Oui, parce que j'aurai trente ans lors du prochain mercato estival. Déjà que c'est difficile à vingt-neuf ans... Normalement, quand un joueur argentin émigre vers le football européen, il le fait beaucoup plus jeune pour qu'il ait toujours une valeur en cas de revente dans le futur... C'est une énorme réussite pour moi d'être ici, mais ç'a vraiment été dur. Quand on regarde mon parcours, tout a été difficile. Tout.
S'il y avait un moment clé dans votre carrière, quel serait-il ?
C'est quand j'ai pu aller à Boca (en juin 2016). Je savais que ça changerait ma vie. Dans une carrière, il y a des objectifs plus importants que l'argent - l'argent découle de ces autres objectifs. Au Club América de Mexico, j'avais une vie totalement différente de celle que j'allais avoir à Boca. Je savais qu'en revenant en Argentine, je régresserais sur le plan économique ; je ne dis pas sur le plan footballistique, même si le football mexicain est très bon ; mais j'ai abandonné une qualité de vie, la tranquillité de mes enfants... Mais je savais aussi que si ça marchait bien pour moi à Boca, je pourrais aller en sélection et ensuite découvrir le football européen. J'ai pu accomplir ces deux rêves.
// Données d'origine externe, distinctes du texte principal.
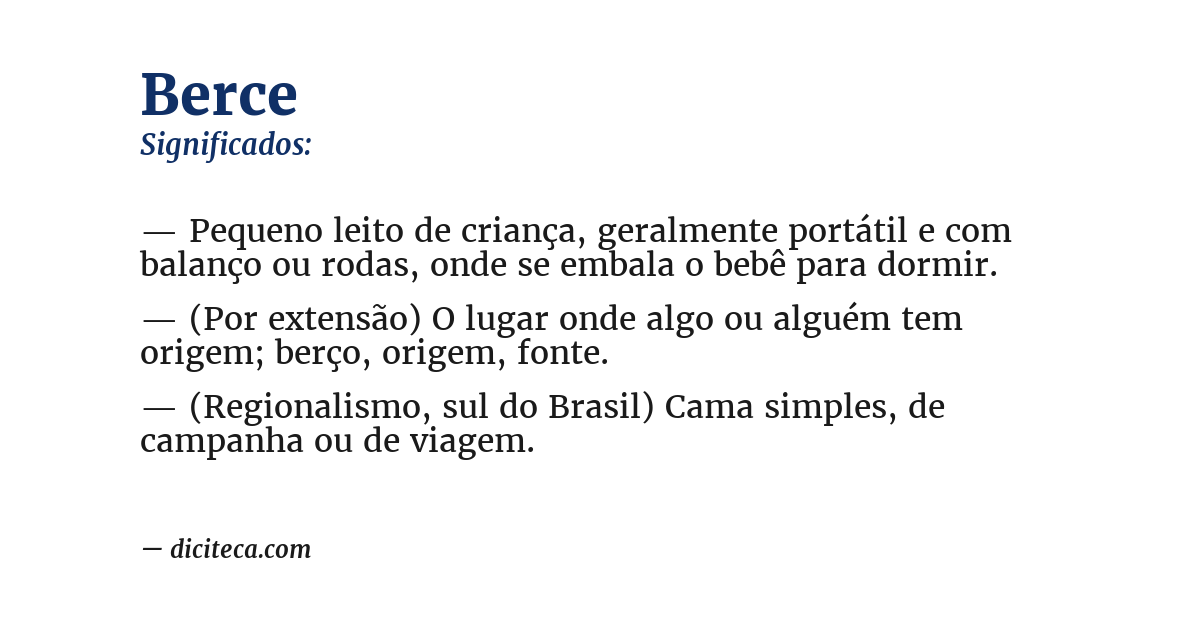 Significado de berce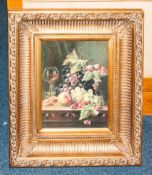 Framed Print Depicting Still Life Fruit On Table In Broad Gilt Frame, The Whole 26x22 Inches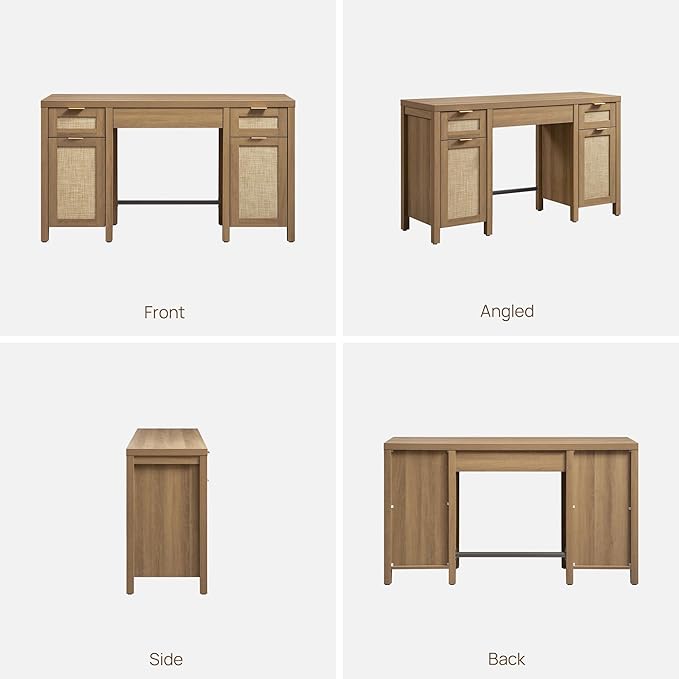 SICOTAS Home Office Desk with Storage - Rattan Executive Desk with Drawers and Cabinets, Farmhouse Boho Larger Computer Writing Table for Study, Office, Living Room, Oak (2 Pieces)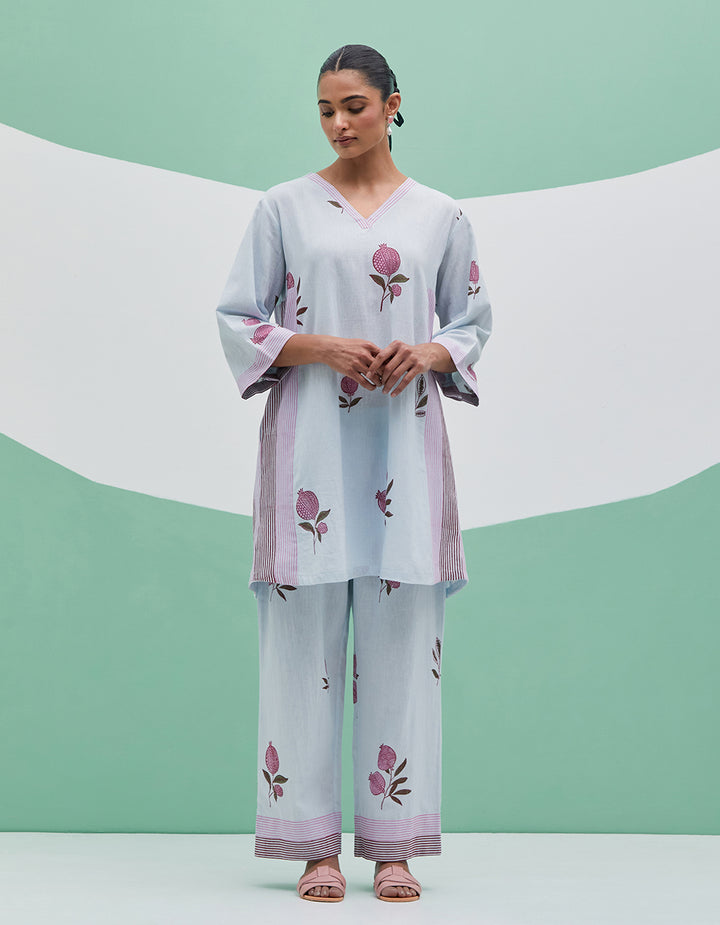 Sky blue linen kurta with pant and dupatta - Set 3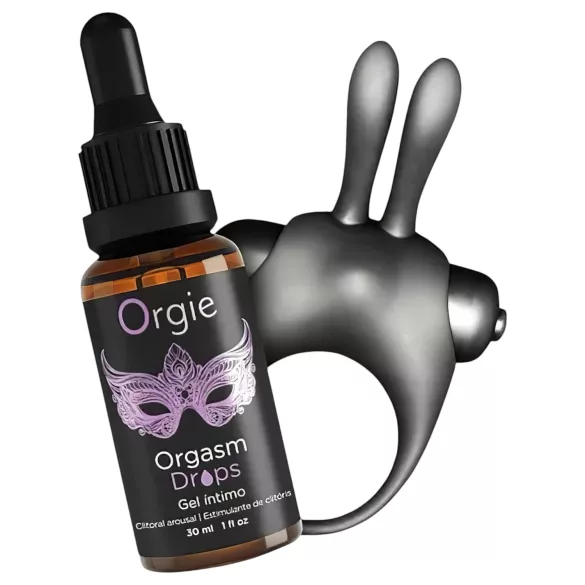 Orgie - penisring med vibrator - kaninöron - svart - set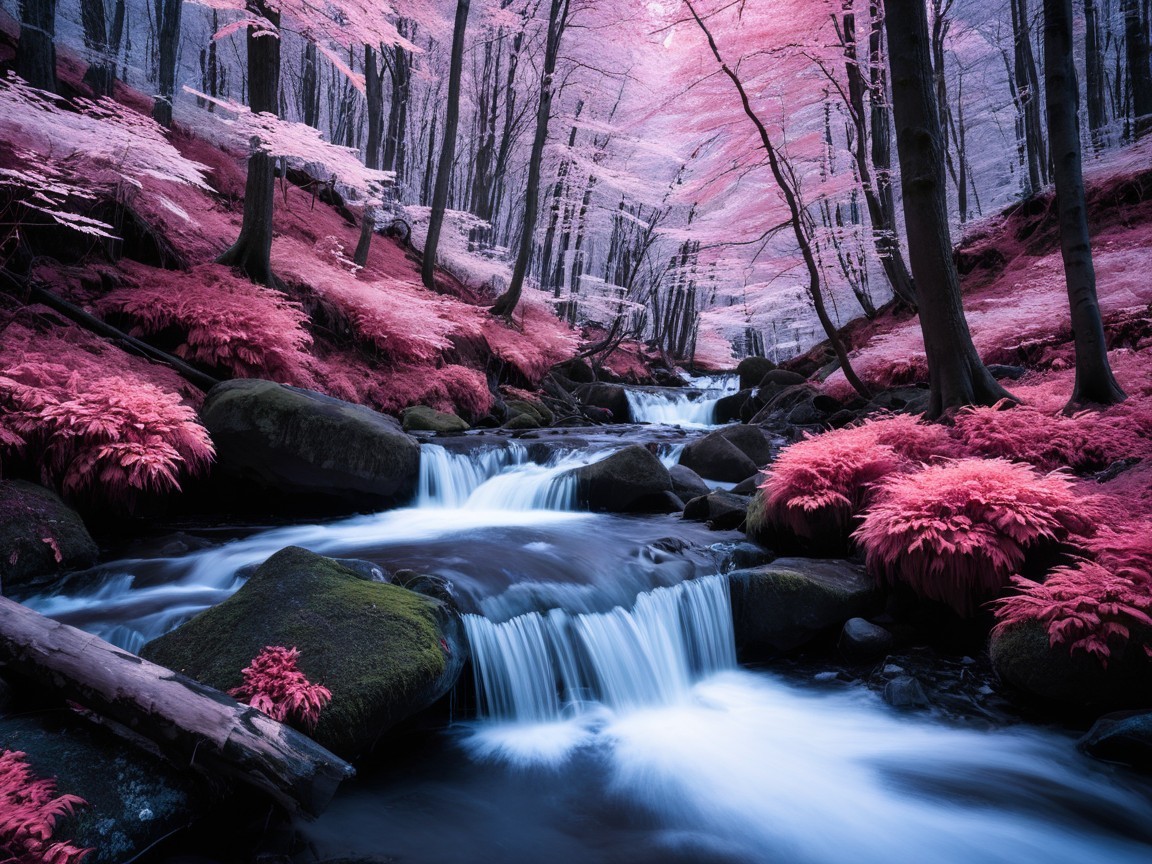 Tranquil Forest Scene with Gentle Stream and Pink Leaves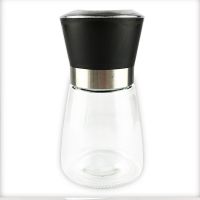 买二送一 胡椒研磨器烧烤调料瓶西餐黑椒孜然玻璃调味罐厨房工具 黑 矮款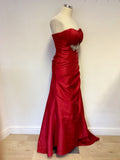 ROLAND JOYCE RED DIAMANTÉ TRIM STRAPLESS / STRAPPY BALL GOWN & MATCHING WRAP SIZE 8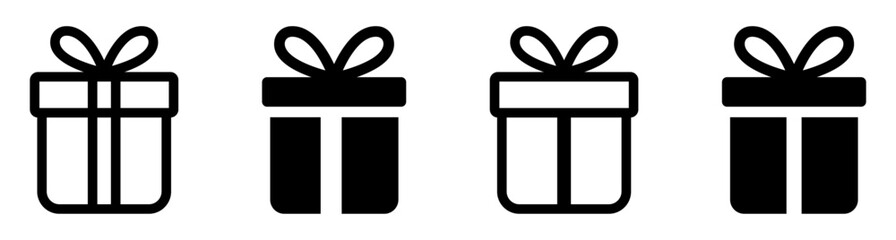 Set of four black gift box icons with ribbon bows in outline and solid styles on white background. Perfect for holiday, birthday, celebration, and festive design projects.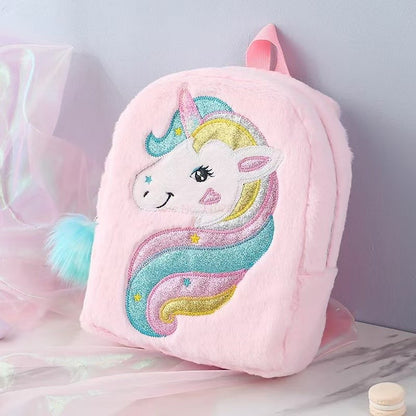 Kids Backpack Kids School Bag Fashion Large Capacity Children Girls Unicorn Plush Tie-Dye Bag Mochila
« Ma mère s'est évanouie (en tribune) et elle a perdu la vie. Arrêt cardio-respiratoire »
Ce n'est qu'à seize ans que vous avez vraiment commencé le football...
J'ai commencé à jouer dans mon quartier vers six ou sept ans. Dans l'équipe de mon quartier, donc, sur un terrain à sept contre sept. À l'âge de douze ans, j'ai fait un essai à Independiente qui a duré deux mois. C'était la première fois que je jouais sur grand terrain. Ils m'avaient dit qu'ils allaient me prendre. Je jouais toujours avec mon club de quartier avec lequel je disputais un Championnat. Le jour de la finale, ma mère s'est évanouie (en tribune) et elle a perdu la vie. Arrêt cardio-respiratoire. J'ai quitté Independiente, j'ai quitté mon club de quartier, j'ai arrêté le football. Pendant trois ou quatre ans, je n'ai joué qu'avec mes amis. À seize ans, un monsieur qui me connaissait m'a demandé si je serais intéressé pour faire un essai à Arsenal (de Sarandi, un club de Buenos Aires). Je lui ai dit : "D'accord, mais je n'ai même pas de crampons !" Je ne le croyais qu'à moitié. La semaine suivante, il est revenu pour me dire que l'essai était le lendemain. Je suis parti en courant m'acheter des chaussures avec mon père ! J'ai passé l'essai et j'ai été pris. J'avais seize ans. À dix-huit, je débutais en Première Division. Deux ans plus tôt, je n'avais jamais joué sur grand terrain, à onze contre onze, sauf pendant mon essai à Independiente...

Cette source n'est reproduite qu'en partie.